Loop analyst downgrades Pinterest but sees long-term upside

Pinterest's (PINS) stock plunged nearly 17% on Friday as the social media company said in its latest earnings that its bottom line has taken a hit due to President Trump's tariffs.
The company reported $1.32 billion revenue for the fourth quarter, which narrowly missed analyst expectations of $1.33 billion. It also reported 67 cents earnings per share, which was in line with consensus estimates.
But the company's net income plummeted 85% for the quarter to $277 million from $1.9 billion the prior year.
It reported $541.5 million in adjusted earnings before interest, taxes, depreciation, and amortization (EBIDTA), which fell below Wall Street's expectation of $550 million.
Pinterest is expecting first-quarter sales to be between $951 million and $971 million, below the consensus estimate of $980 million.
Nearly all of Pinterest's revenue is generated through advertising, but the tariff-related drag on the ad business appears to be pushing Pinterest to begin exploring new avenues for growth.
"While we absorbed an exogenous shock this year related to tariffs, which are disproportionately affecting ad spend from our top retail advertisers, this quarter also underscored where we need to move faster," Pinterest CEO Bill Ready said in the company's earnings call. "Most importantly, we need to further broaden our revenue mix and accelerate the next phase of our sales and go-to-market transformation."
Pinterest CFO Julia Donnelly added that "our largest retail advertisers created a more meaningful headwind than we expected as they sought to protect their margins in this dynamic environment and pulled back on ad spend."
"We believe this pullback on ad spend from larger advertisers was felt across the industry, but impacted our platform to a higher degree given our current revenue mix," she said.
Pinterest begins its restructuring
Pinterest announced in an SEC filing last month that it is undertaking a board-approved restructuring plan that will focus on redirecting resources toward artificial intelligence, while also slashing its workforce.
The San Francisco-based company said in its filing that it is planning layoffs that will affect "less than 15%" of its workforce and will also be reducing some of its office space. The company added that the reduction in workforce is being done "to support transformation initiatives."

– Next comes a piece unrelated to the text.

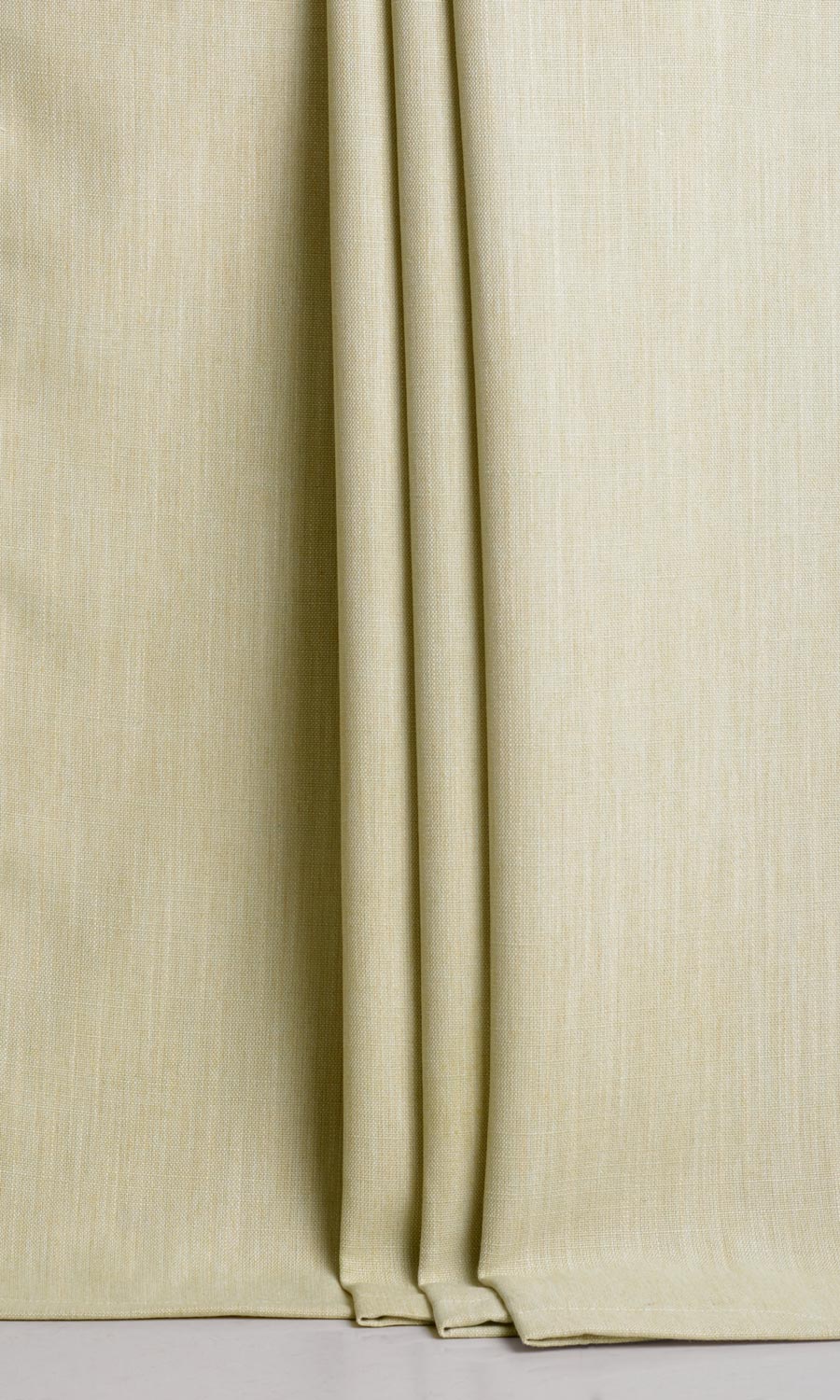 Plain Linen Texture Window Treatments Fabric Sample (Pale Yellow-Green)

Central to these initiatives will be "prioritizing AI-powered priorities and capabilities," as well as "accelerating the transformation of its sales and go-to-market approach."
Pinterest brought in Lee Brown as its new chief business officer a few weeks ago to lead the company's new go-to-market operations.
In response to an analyst question on the earnings call about what these changes could entail, Ready noted that the company will be "doubling down on broadening our revenue" that will focus on "mid-market enterprise and SMB advertisers and closing the monetization gap in international markets, including rethinking how we cover some of these areas."
"As with any sales transformation, there can be some modest disruption in the near term as we rebuild and retool the organization to best position the company for the long term," he said.
Meanwhile, Loop Capital analyst Rob Sanderson downgraded Pinterest's shares to Hold from Buy on Friday, while also slashing his price target 60% to $18 from $45.
"Our enthusiasm for Pinterest's unique use case, commercial relevance and strong user growth story is overshadowed by struggles to monetize and outsized exposure to unusual macro conditions," Sanderson said. "We think it will take several quarters at least to get through a sales reorg, absorb escalated spending, and restore investor confidence."
However, despite the near-term headwinds, Sanderson remains confident about the long-term prospects for Pinterest.
"We think the stock price collapse significantly understates the intrinsic value of Pinterest's uniquely commercial engagement and believe that long-term investors will be rewarded at these levels," he said.
Pinterest's stock has crashed over 40% so far this year.